KANTATA TAKWA : THE MOVIE
26 September – 4 Oktober 2008
@ Blitz Megaplex (sumber : wenz rawk)
---------------------------------------------------------------------------------------------------------





Kantata Takwa adalah teater yang difilmkan. Semua pesannya, disampaikan sebagian besar lewat teater. Tapi, tenang saja. Bukan tipikal teater yang akan membuat kening orang awam berkerut. Setidaknya, saya sebagai orang awam teater tak berkerut melihat semua adegan film ini. Simbolisasinya digambarkan dengan cukup lugas. Lagipula, di awal film ditulis bahwa ketika film ini dibuat rezim Orde Baru di bawah pimpinan Soeharto sedang berkuasa. Makanya, saya rasa siapapun akan dengan mudah menangkap maksud yang ingin disampaikan film ini.

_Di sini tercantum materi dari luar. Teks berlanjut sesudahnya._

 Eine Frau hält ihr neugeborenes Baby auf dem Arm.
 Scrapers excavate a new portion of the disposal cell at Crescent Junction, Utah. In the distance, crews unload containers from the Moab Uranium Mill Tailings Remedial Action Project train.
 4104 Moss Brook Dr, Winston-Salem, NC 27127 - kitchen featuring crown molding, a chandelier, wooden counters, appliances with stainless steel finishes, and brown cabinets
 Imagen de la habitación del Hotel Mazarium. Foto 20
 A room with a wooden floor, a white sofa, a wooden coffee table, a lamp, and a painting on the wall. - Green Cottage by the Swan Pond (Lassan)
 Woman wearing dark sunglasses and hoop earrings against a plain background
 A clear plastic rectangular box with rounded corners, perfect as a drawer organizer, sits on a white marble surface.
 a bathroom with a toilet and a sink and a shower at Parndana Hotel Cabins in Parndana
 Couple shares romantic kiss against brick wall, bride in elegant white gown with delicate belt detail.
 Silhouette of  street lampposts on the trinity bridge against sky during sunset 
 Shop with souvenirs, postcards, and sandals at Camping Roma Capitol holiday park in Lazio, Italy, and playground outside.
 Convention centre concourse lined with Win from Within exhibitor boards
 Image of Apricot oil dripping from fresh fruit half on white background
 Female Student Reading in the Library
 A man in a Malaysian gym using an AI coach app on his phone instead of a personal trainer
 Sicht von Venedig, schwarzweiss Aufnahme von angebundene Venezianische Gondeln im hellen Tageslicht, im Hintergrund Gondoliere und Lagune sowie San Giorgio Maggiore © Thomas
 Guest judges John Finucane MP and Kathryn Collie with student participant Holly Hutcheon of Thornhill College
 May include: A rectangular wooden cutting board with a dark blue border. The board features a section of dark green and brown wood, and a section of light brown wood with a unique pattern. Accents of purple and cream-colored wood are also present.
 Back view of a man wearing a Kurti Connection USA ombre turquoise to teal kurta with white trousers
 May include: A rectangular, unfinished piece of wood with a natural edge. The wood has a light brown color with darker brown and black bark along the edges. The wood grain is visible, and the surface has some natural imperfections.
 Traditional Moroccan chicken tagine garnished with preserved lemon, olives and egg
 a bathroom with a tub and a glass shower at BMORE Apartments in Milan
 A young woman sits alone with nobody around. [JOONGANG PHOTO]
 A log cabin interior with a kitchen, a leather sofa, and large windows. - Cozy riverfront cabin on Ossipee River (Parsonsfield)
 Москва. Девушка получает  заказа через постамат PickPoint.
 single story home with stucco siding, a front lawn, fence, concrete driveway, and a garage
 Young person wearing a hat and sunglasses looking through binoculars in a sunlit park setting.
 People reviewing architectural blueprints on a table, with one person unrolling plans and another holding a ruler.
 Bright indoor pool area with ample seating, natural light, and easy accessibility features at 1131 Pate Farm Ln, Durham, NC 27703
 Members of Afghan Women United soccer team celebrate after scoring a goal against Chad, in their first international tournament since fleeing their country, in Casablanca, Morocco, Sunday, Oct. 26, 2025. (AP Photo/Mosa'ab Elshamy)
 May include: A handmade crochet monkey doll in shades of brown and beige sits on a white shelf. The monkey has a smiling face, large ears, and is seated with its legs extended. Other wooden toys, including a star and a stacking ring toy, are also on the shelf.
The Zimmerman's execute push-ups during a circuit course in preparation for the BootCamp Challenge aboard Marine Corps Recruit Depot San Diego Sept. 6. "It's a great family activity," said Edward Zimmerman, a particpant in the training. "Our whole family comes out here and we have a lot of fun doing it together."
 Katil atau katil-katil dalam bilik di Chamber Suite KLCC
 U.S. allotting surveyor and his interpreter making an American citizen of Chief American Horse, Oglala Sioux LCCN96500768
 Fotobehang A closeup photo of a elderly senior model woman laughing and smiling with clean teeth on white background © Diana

Militer digambarkan dengan sosok orang-orang memakai jas hujan, memakai masker, serta membawa senjata. Mereka menyiksa. Membunuh. Dan pada akhirnya, mereka dikejar massa yang kemarahannya memuncak.

Selain adegan teatrikal yang dipentaskan oleh Bengkel Teater Rendra, film ini menggabungkan dokumentasi pementasan konser Kantata Takwa, dan semacam wawancara singkat dengan para personel Kantata Takwa: Iwan Fals, Sawung Jabo, WS Rendra, Yockie Suryoprayogo, dan Setiawan Djody. Masing-masing menjelaskan definisi Takwa menurut mereka. Di sini ada adegan Yockie bermain piano di atas mobil, mengelilingi kota yang mengingatkan pada adegan Vanessa Carlton di video klipnya. Hanya saja, ini dibuat beberapa belas tahun lebih awal.

Ada tiga adegan yang paling saya suka. Yang pertama, adalah adegan ketika para personel Kantata berdiskusi soal konsep pertunjukkan mereka. Willy menyarankan mereka membuat lebih banyak lagu. "Asal jangan berdakwah aja," kata Iwan Fals, sambil tertelungkup di lantai dan bertelanjang dada.

Yang kedua, adalah adegan di lagu "Hio." Sawung Jabo dan Iwan Fals berhadapan dalam ruang gelap. Sorot lampu menyinari keduanya, sehingga gambar itu akan sangat indah sekali secara fotografi. "Hidup ini hanya ada dua pilihan. Serius atau tidak serius," kata Jabo kepada Iwan. "Jadi, kamu serius tidak?" kurang lebih begitu kata Jabo. Iwan, tak langsung menjawab. Ada keraguan di benaknya. "Tapi saya hanya manusia biasa," kata Iwan. Jabo yang meledak-ledak penuh semangat, dibalas Iwan yang seakan ogah-ogahan menjawab tantangan Jabo. Mungkin penulis skenario [Erros Djarot dan Gotot Prakosa] sengaja memberi dialog ini pada Iwan karena memang mereka tahu Iwan orangnya seperti itu. Jika kita mengutip kalimat "Dan perjuangan adalah pelaksanaan kata-kata" dari puisi Willy, maka Iwan cenderung malas untuk melaksanakan kata-kata.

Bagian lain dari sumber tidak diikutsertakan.